What the task asks. The answer should hold only the lines from the one that contains "Studio Apartment in" through the last line of the material, repeated exactly, without pictures.
=-=-=-=-=
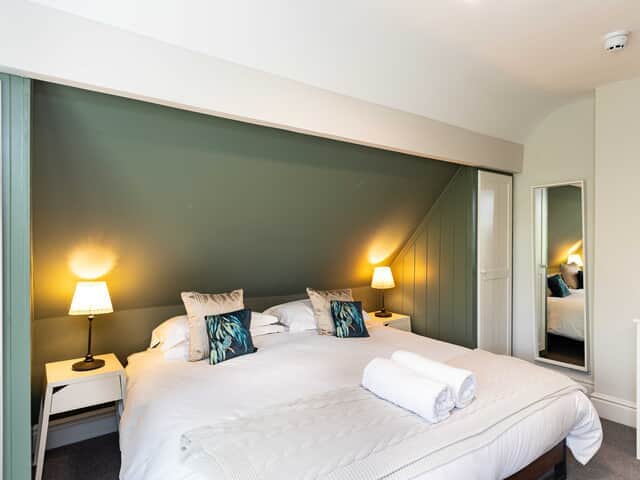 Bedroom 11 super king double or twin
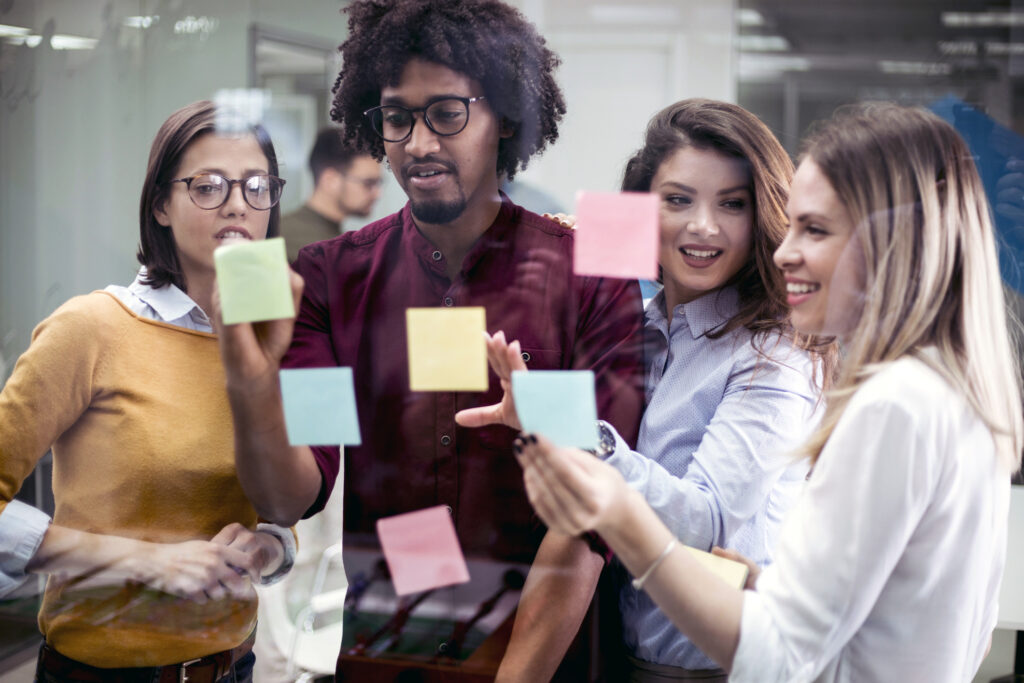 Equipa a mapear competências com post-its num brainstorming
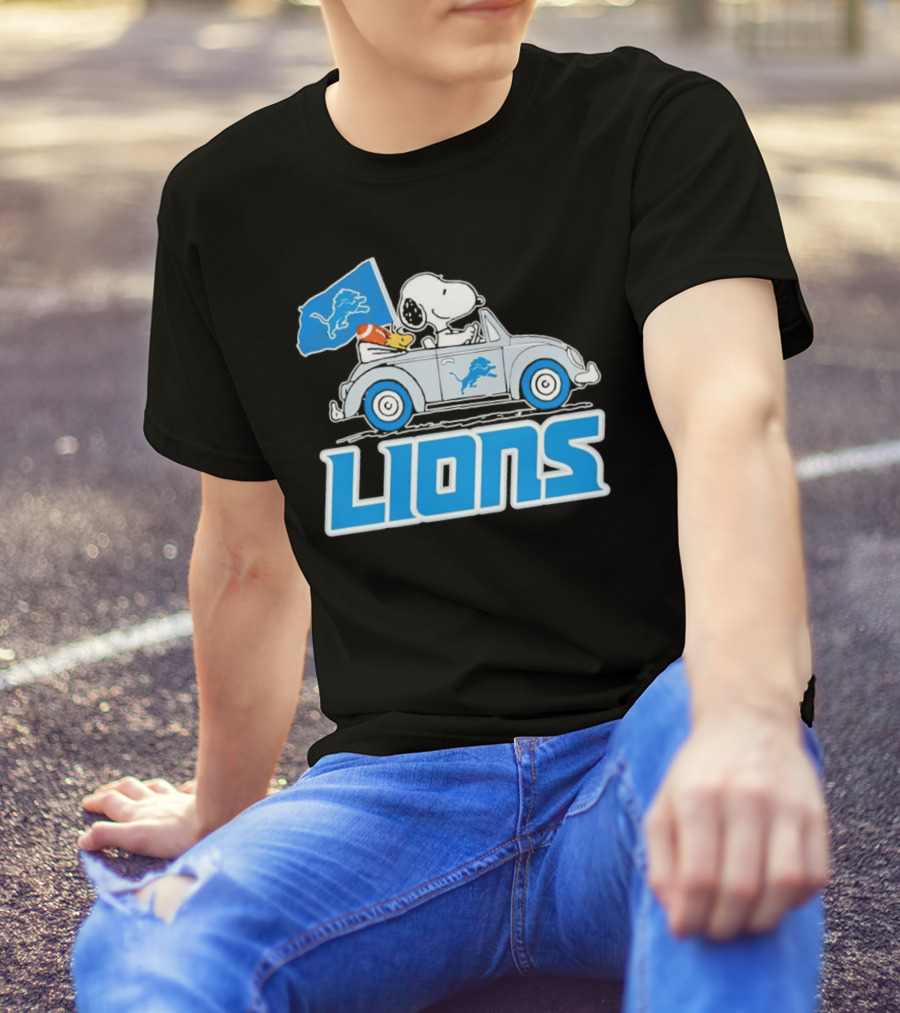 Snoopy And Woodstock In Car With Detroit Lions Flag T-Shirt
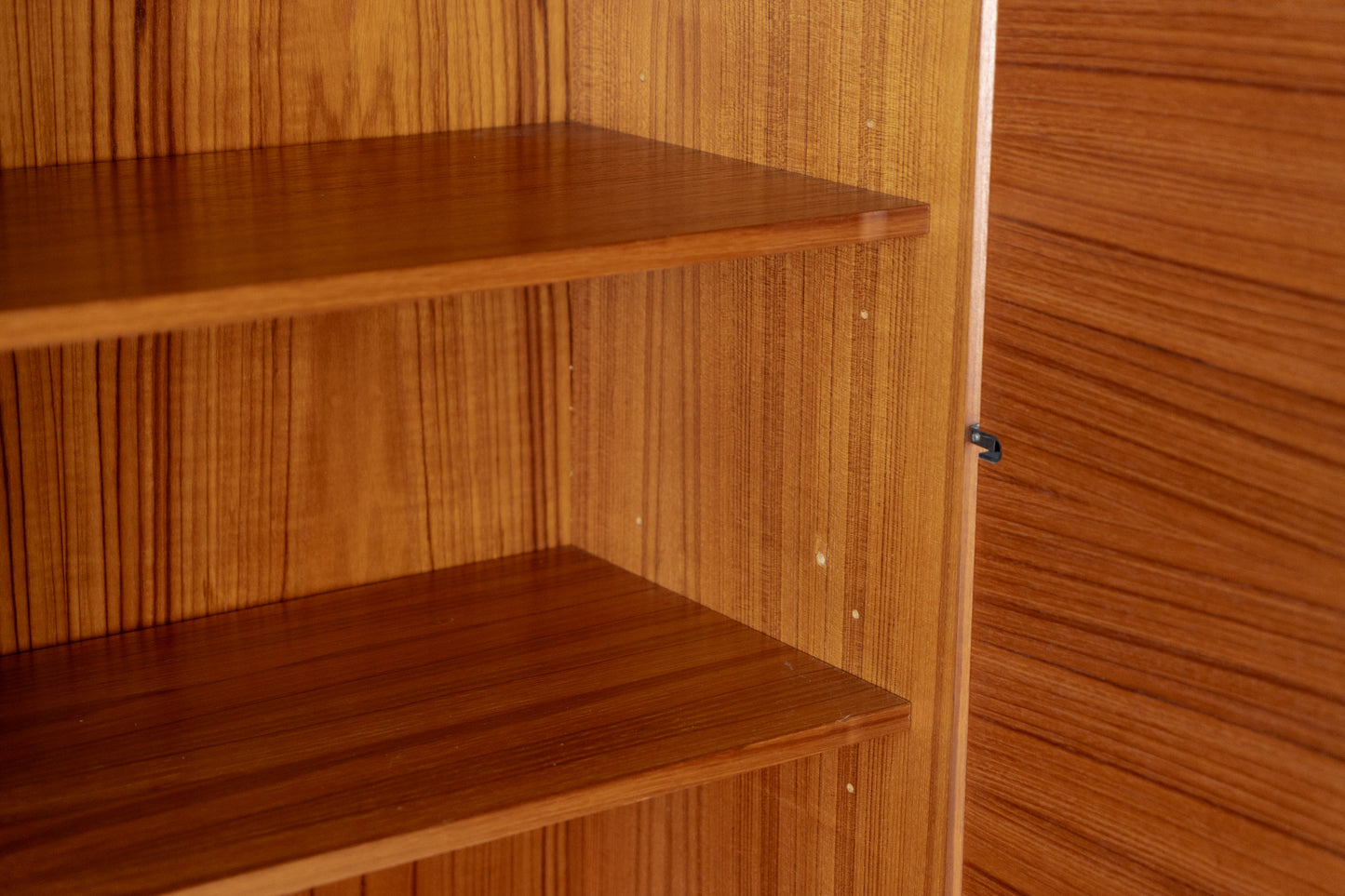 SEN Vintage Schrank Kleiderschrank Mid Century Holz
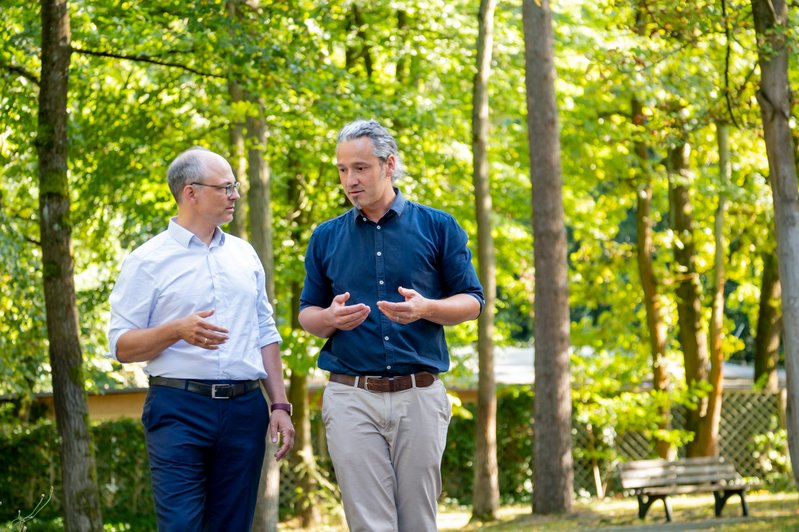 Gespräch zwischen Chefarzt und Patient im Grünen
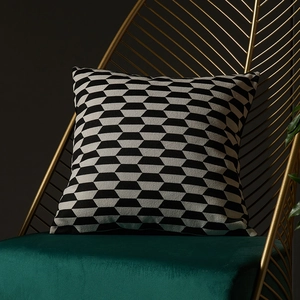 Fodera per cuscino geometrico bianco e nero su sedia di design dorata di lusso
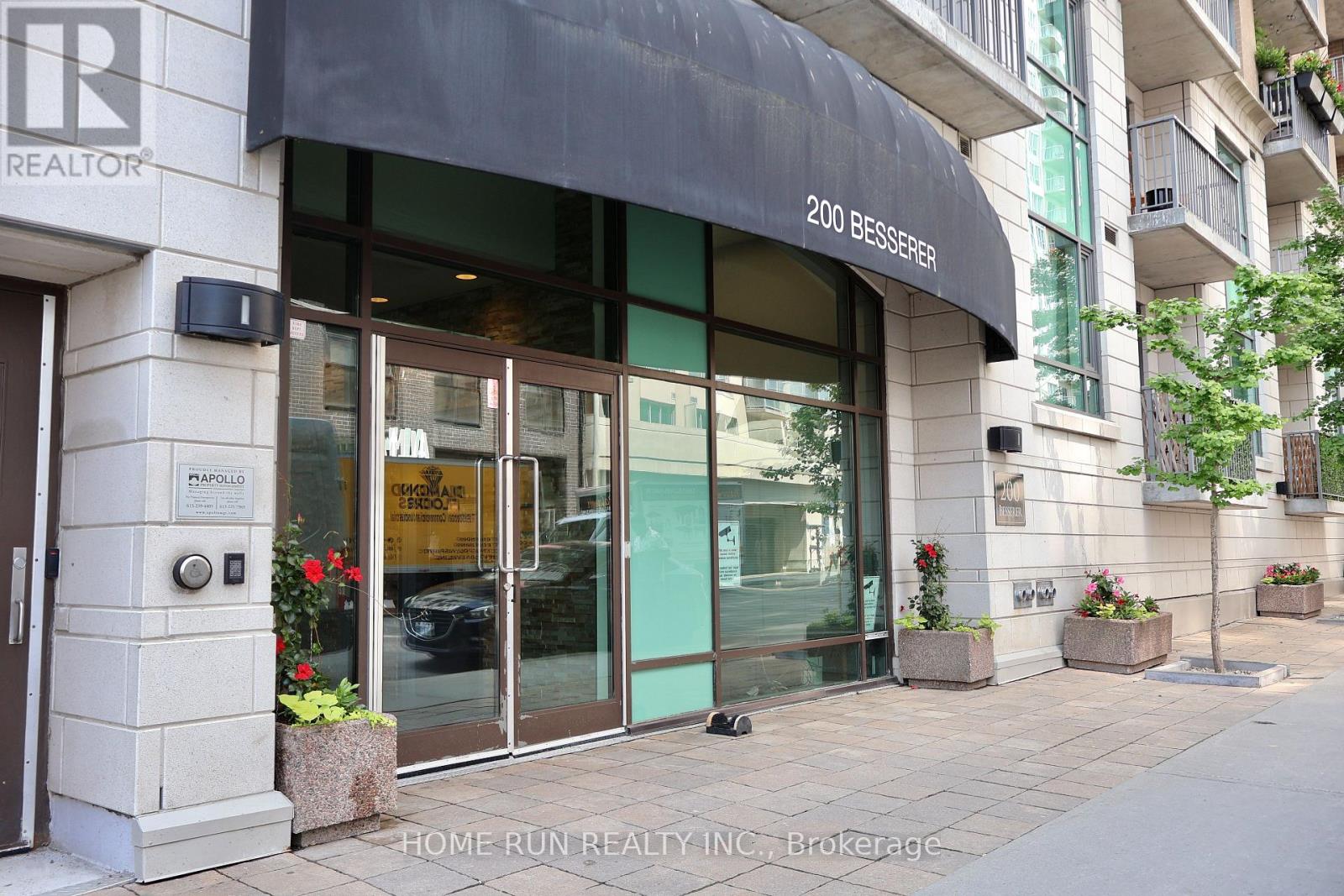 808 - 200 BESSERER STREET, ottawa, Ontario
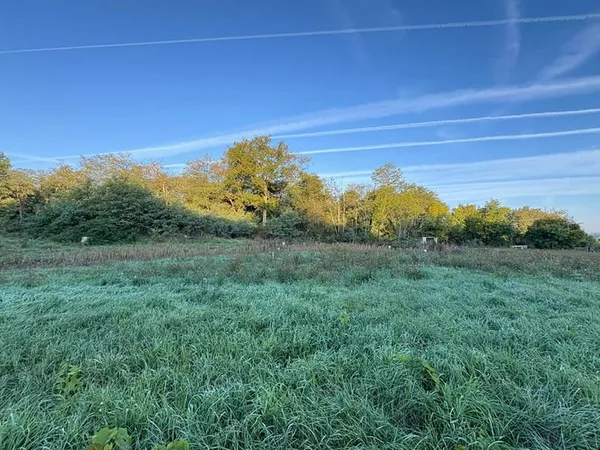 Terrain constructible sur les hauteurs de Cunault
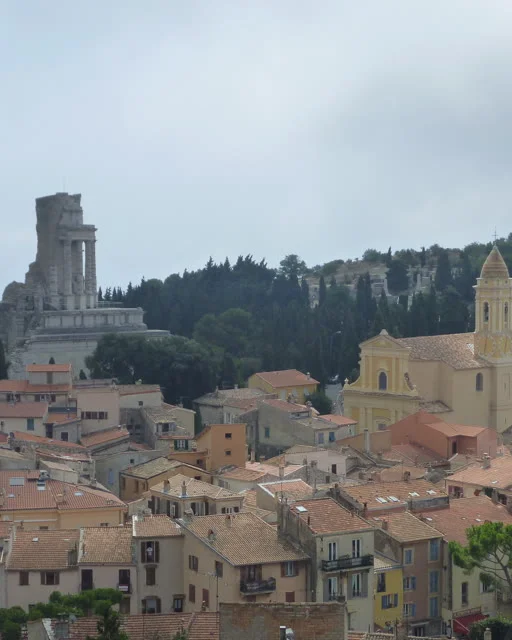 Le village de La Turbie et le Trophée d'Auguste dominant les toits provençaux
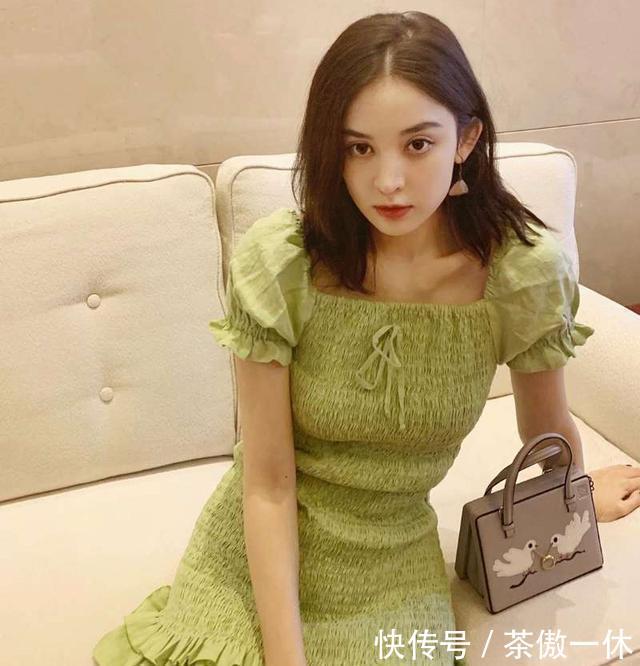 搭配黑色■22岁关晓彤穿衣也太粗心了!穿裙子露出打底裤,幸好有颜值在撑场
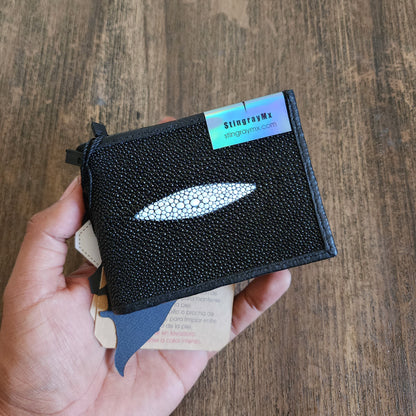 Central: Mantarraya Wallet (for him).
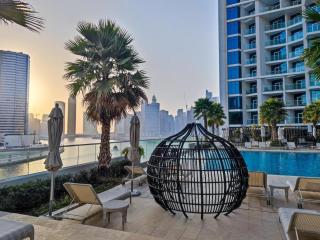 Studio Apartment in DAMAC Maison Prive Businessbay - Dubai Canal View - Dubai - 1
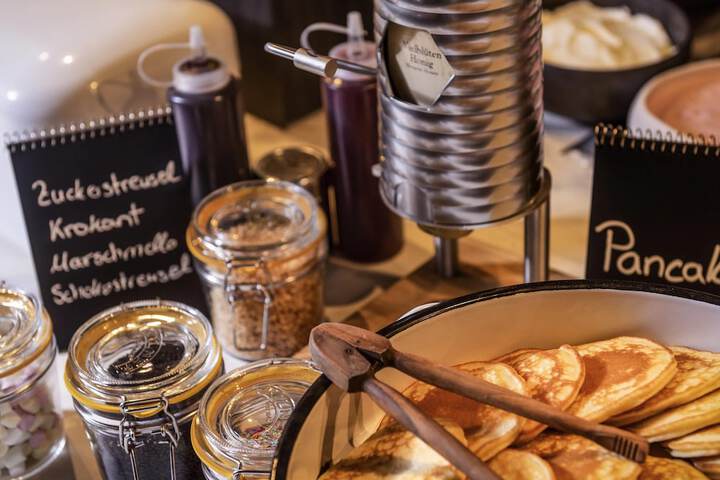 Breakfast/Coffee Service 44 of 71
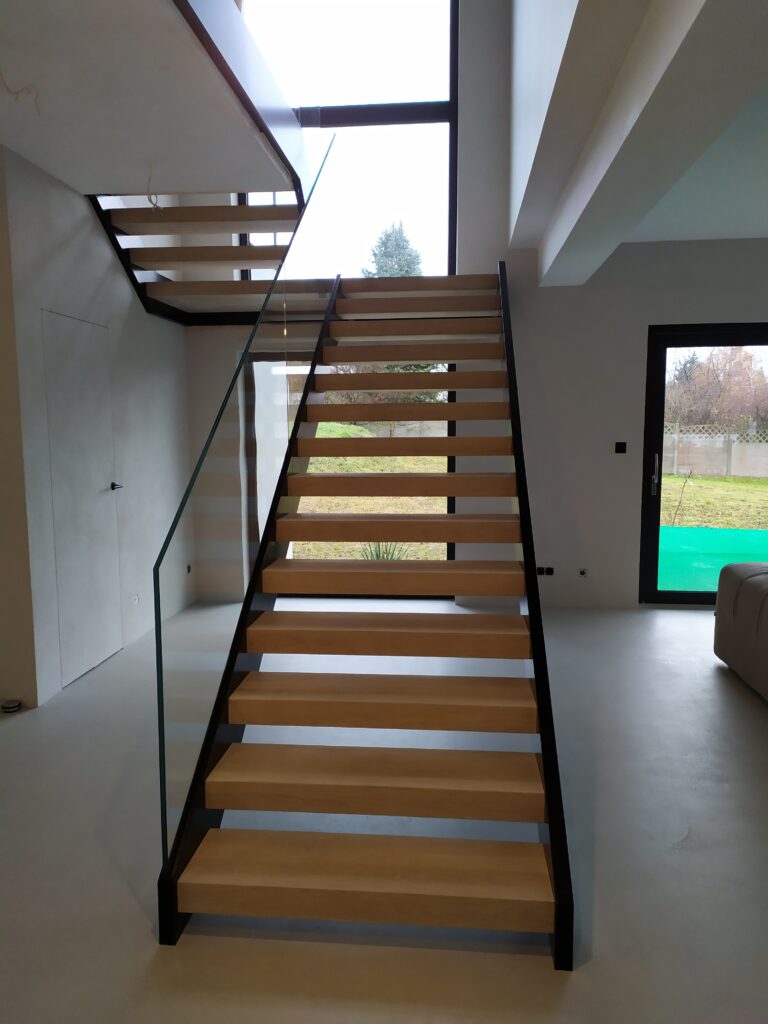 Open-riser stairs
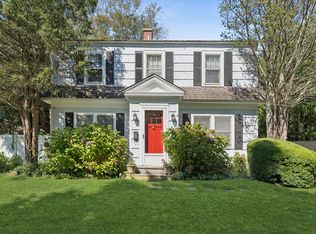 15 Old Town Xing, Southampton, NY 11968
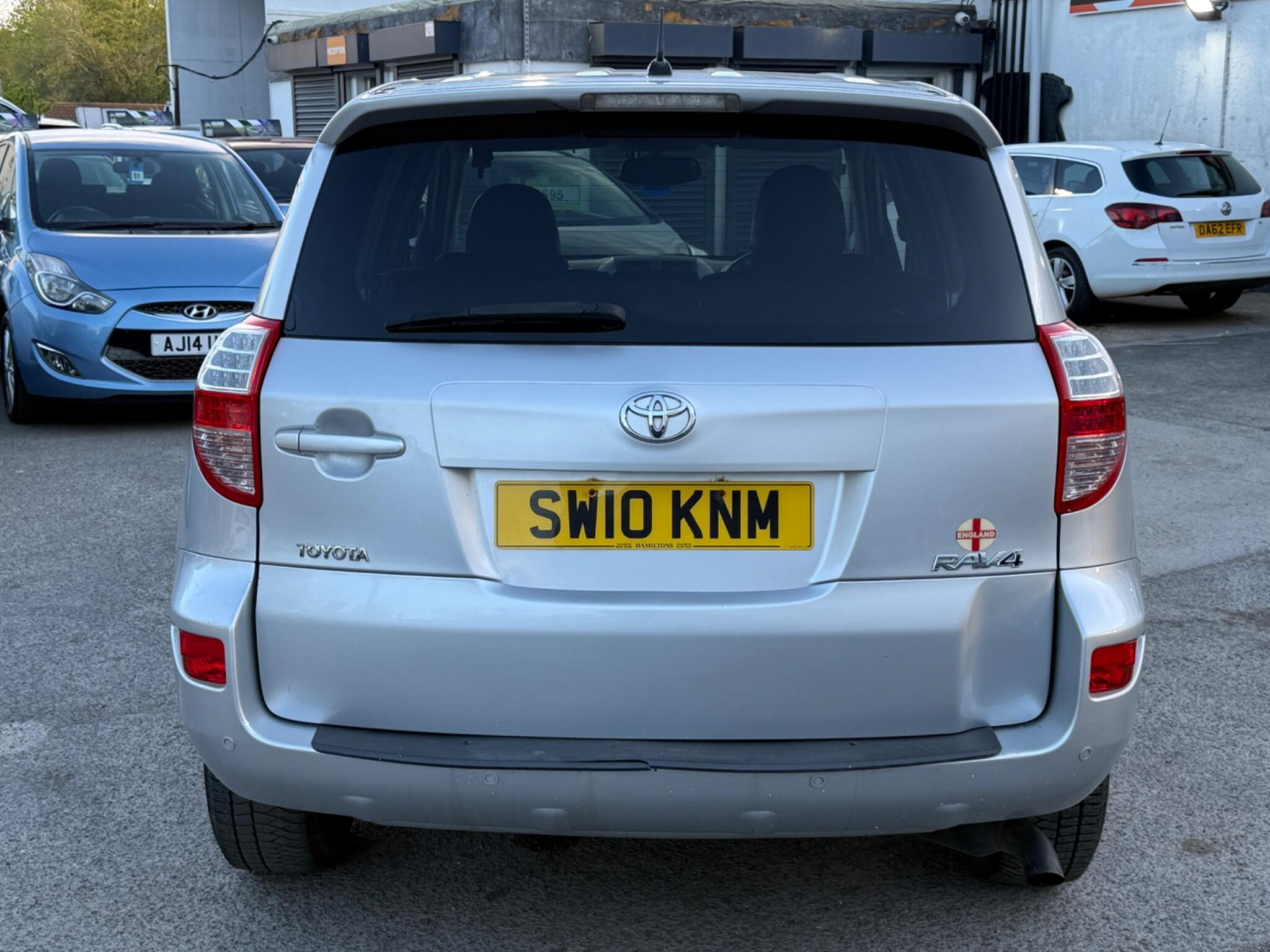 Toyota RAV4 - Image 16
=-=-=-=-=
Exercise output.
 Studio Apartment in DAMAC Maison Prive Businessbay - Dubai Canal View - Dubai - 1
 Breakfast/Coffee Service 44 of 71
 Open-riser stairs
 15 Old Town Xing, Southampton, NY 11968
 Toyota RAV4 - Image 16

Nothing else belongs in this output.